City officials said in their grant application that they hope to integrate new policies into long-term city and school operations.
“Because current policies do not fully account for watershed-based flood exposure, backup power reliability, climate-driven risks, or the need for Community Resilience Hubs, this project will establish a coordinated framework to modernize policy guidance and improve decision-making across agencies.”
That could include requirements for updating flood data, protocols for backup power and design for future facilities, the city stated.
Current funding limits the ability to fully address facility flood risks, officials wrote.
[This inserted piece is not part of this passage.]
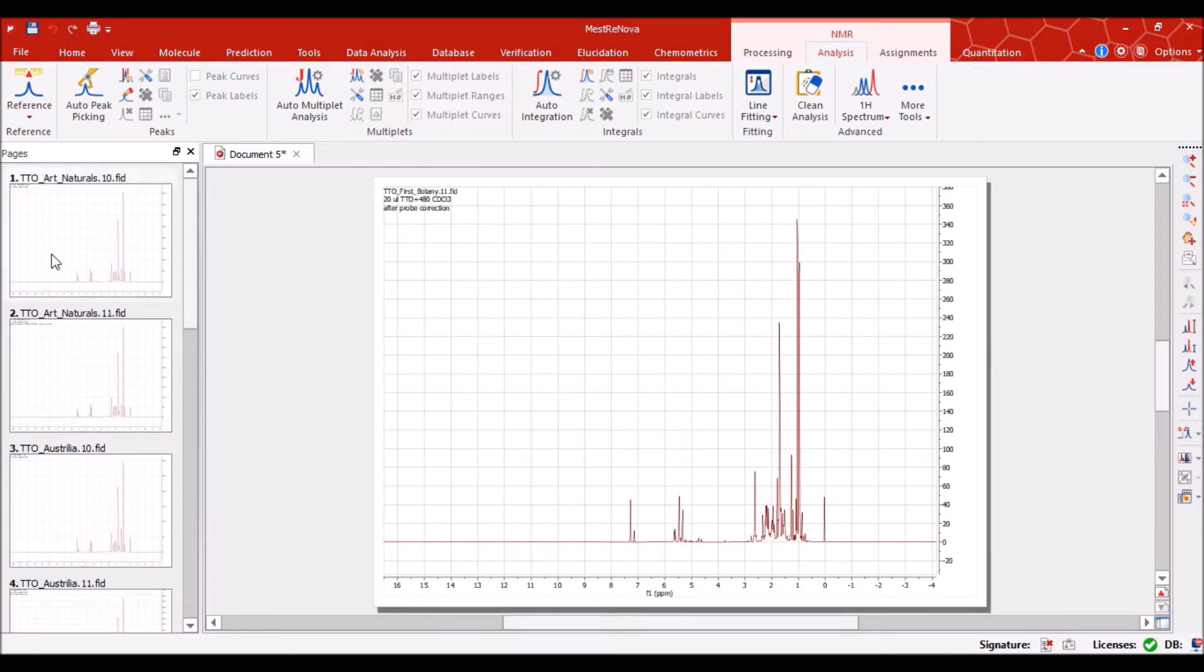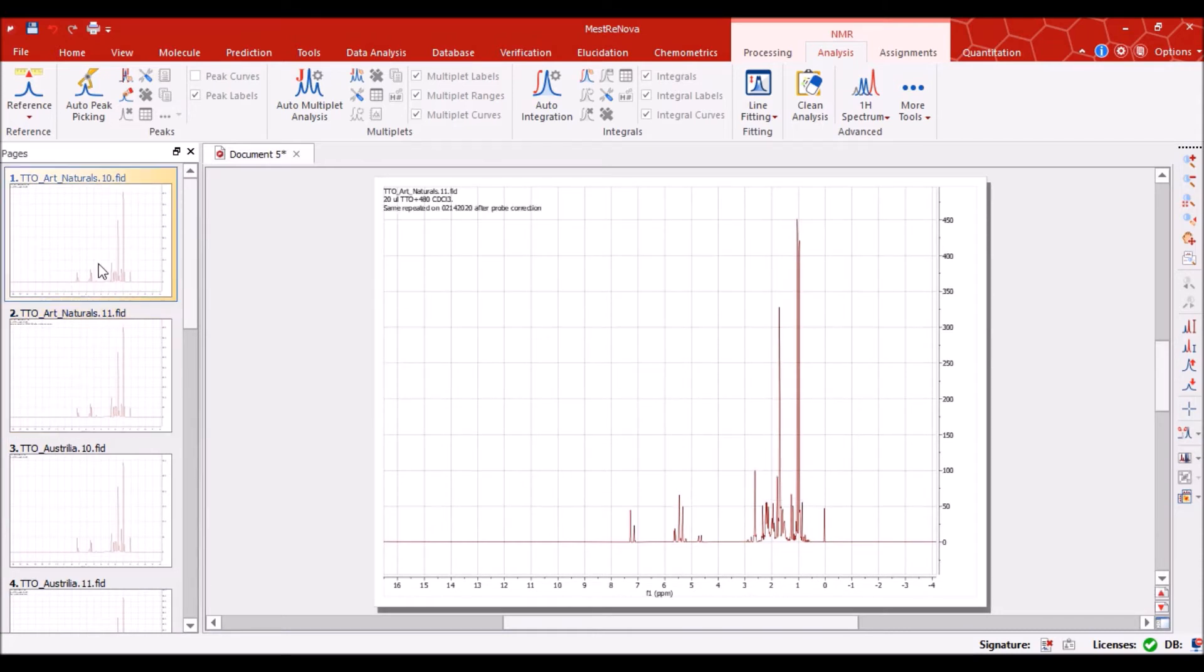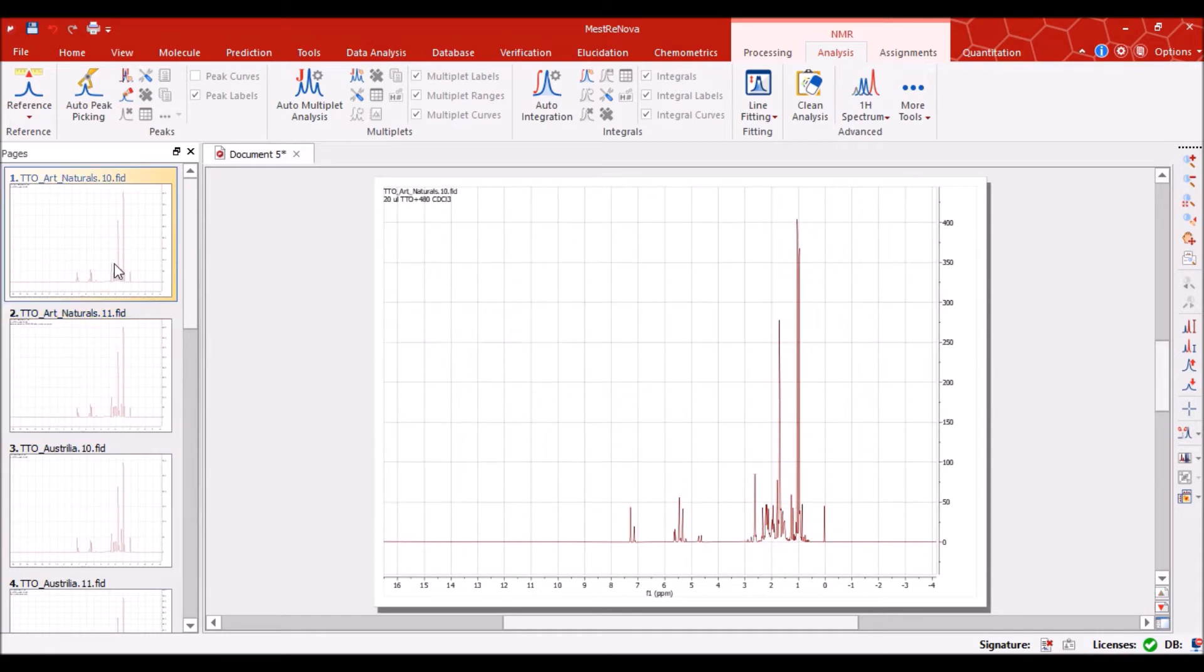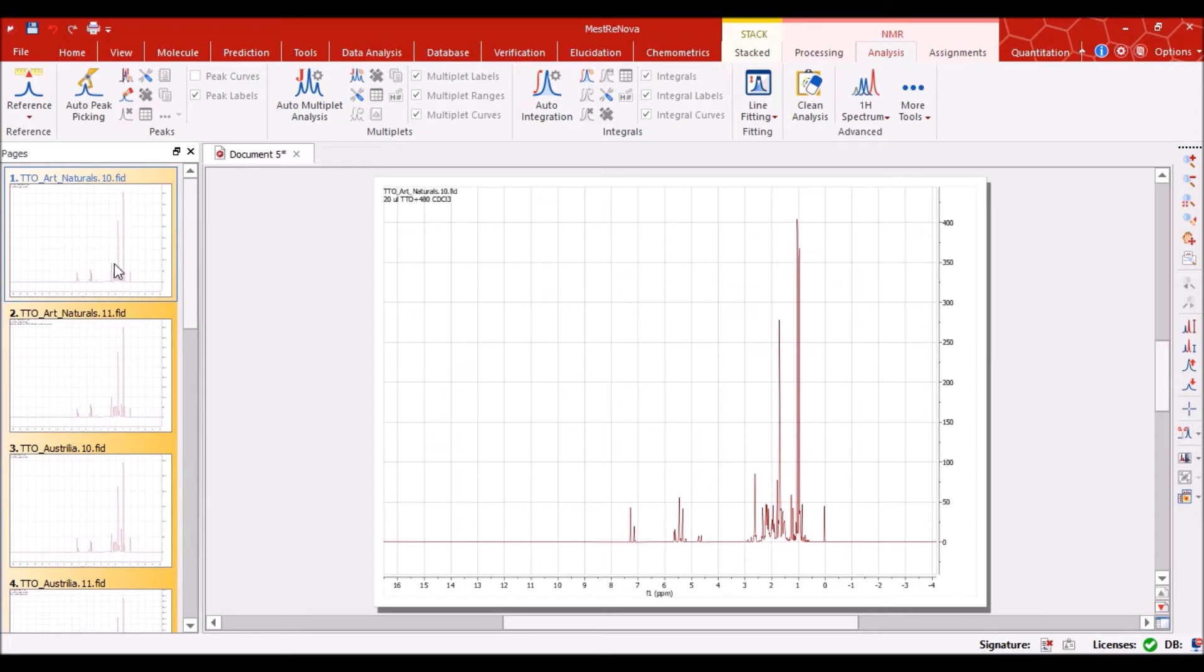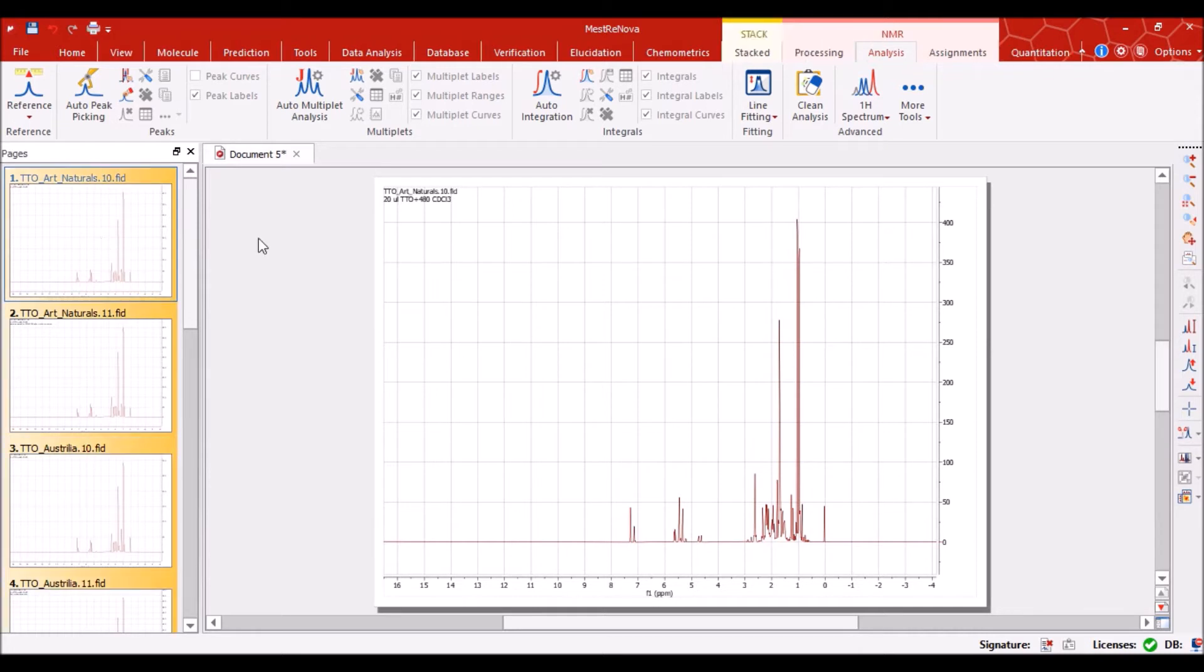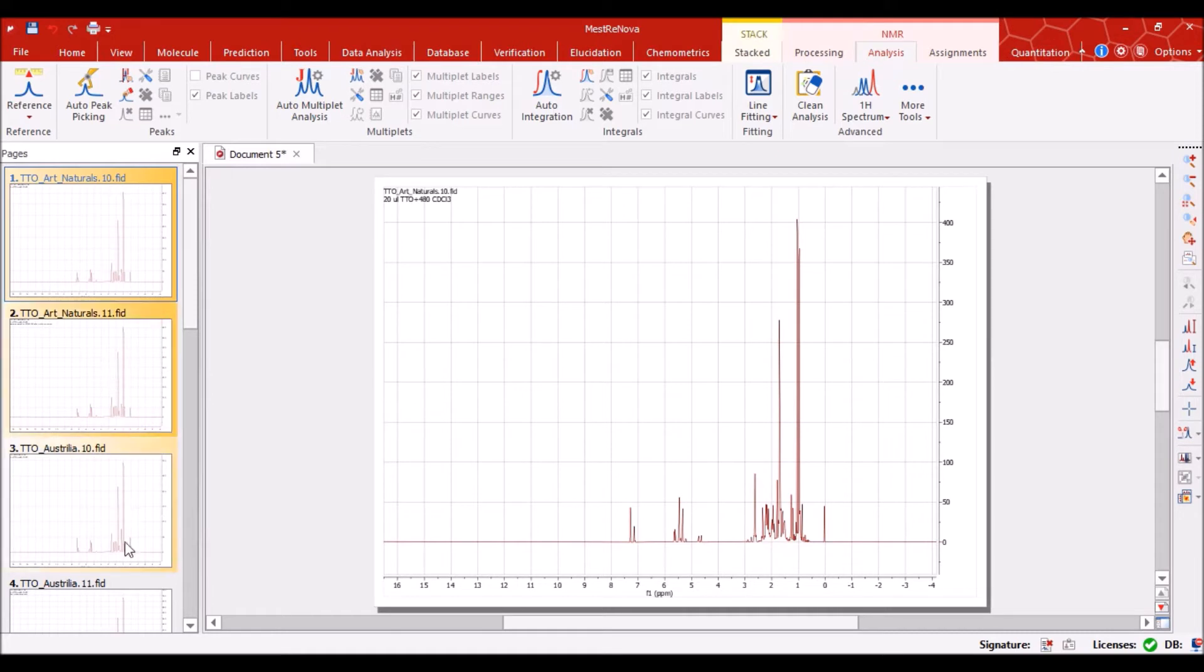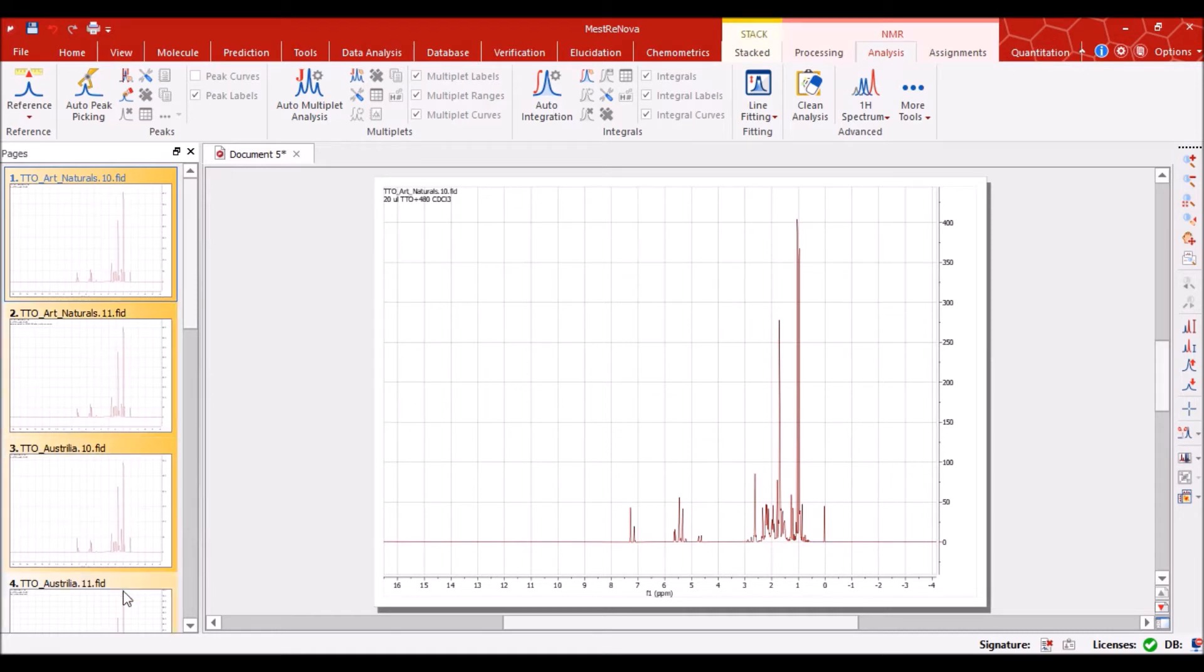This is our data set, our spectral set. Now we can select all these slides, our spectra, by just clicking ctrl and A. So I selected one then ctrl and A, I can select it by clicking on one and then ctrl.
The new resilience plan will allow the city and schools to pursue more grant money.
Protecting schools also helps everyone around them, Smith said.
Hampton envisions turning a handful of schools into "community resilience hubs,” places where people can go during extreme weather or power outages to get supplies, charge electronics and access heat or air conditioning.
“We recognize that schools are anchors in the community,” Smith said. “The schools are centrally located within neighborhoods and are a known place people rely on for safety.”
He said they hope to eventually involve students to teach them about resilience work and career paths.
A spokesperson for Hampton City Schools said officials are still finalizing how the partnership will work.
Hampton City Schools is a member of the Hampton Roads Educational Telecommunications Association, which holds WHRO's license.